Jewellery (UK) / Jewelry (US)

  1. (Noun)

    Objects of personal adornment, as rings, necklaces, bracelets, or brooches, esp.

    When made of precious metals, gemstones, or pearls and distinguished by fine design and craft.
  2. (Noun)

    Decorative objects worn on your clothes or body made of precious metals, such as gold and silver, precious stones, pearls.
  3. (Wikipedia)

    Jewellery (UK) or jewelry (U.S.) consists of decorative items worn for personal adornment, such as brooches, rings, necklaces, earrings, pendants, bracelets, and cufflinks.

    Jewellery may be attached to the body or the clothes.

    The word jewellery itself is derived from the word jewel, which as anglicised from the Old French "jouel", and beyond that, to the Latin word "jocale", meaning plaything.

    From a western perspective, the term is restricted to durable ornaments, excluding flowers for example.

    For many centuries metal such as gold often combined with gemstones, has been the normal material for jewellery, but other materials such as shells and other plant materials may be used.

    Jewellery is one of the oldest types of archaeological artefact – with 100,000-year-old beads made from Nassarius shells thought to be the oldest known jewellery.

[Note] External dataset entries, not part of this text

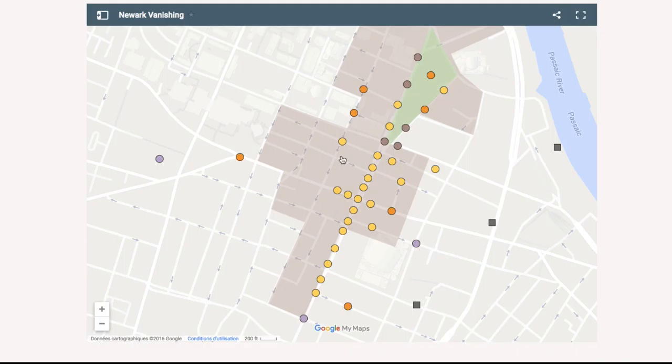Welcome to Newark Vanishing. This tutorial will show you how to use the interactive map below. To view the menu, click here.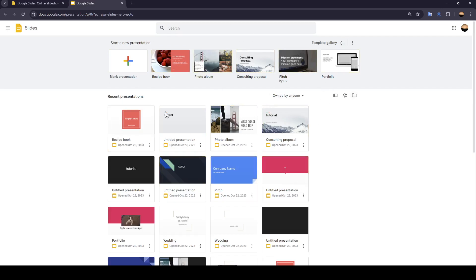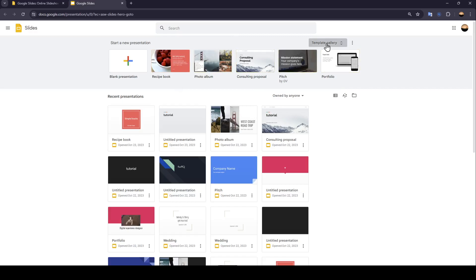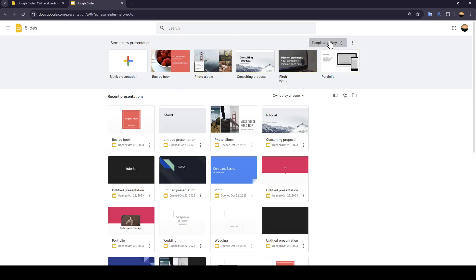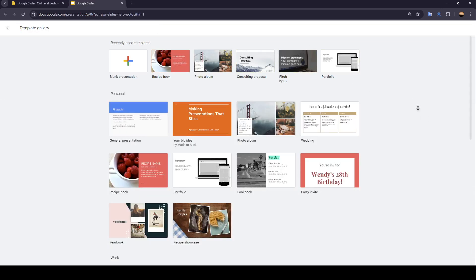As you can see, I'm right now in Google Slides and this is how the homepage looks like. At the top, you're going to find 'Start a new presentation,' and right here you can start a blank presentation or, if you want, you can choose from the templates. You can also expand the templates gallery and choose from the templates right here.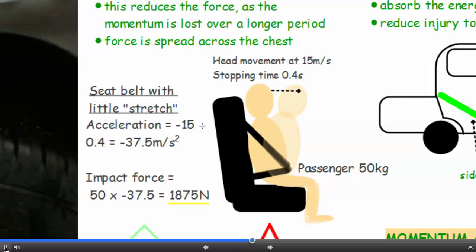So let's have a look at an example here. This is an old-fashioned seatbelt which just had a little bit of stretch in it. We've got a passenger weighing 50 kilograms, the vehicle moving at 15 metres per second, and the stopping time is 0.4 seconds — that's the duration of the impact. So the acceleration is minus 15 divided by 0.4 — that's the change in velocity divided by the time taken for the change — so the acceleration is minus 37.5 metres per second squared.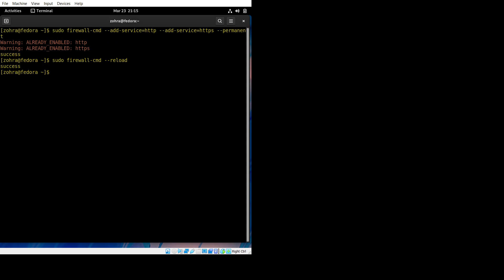Once that is done, we need to change some service ports in the firewall. To do that, this is the command: sudo firewall-cmd and so on. It says it's already enabled because I already did it. Once that's done, we have to run this command to reload it because we changed a file.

    The basic forms of jewellery vary between cultures but are often extremely long-lived; in European cultures the most common forms of jewellery listed above have persisted since ancient times, while other forms such as adornments for the nose or ankle, important in other cultures, are much less common.

    Jewellery may be made from a wide range of materials.

    Gemstones and similar materials such as amber and coral, precious metals, beads, and shells have been widely used, and enamel has often been important.

    In most cultures jewellery can be understood as a status symbol, for its material properties, it's patterns, or for meaningful symbols.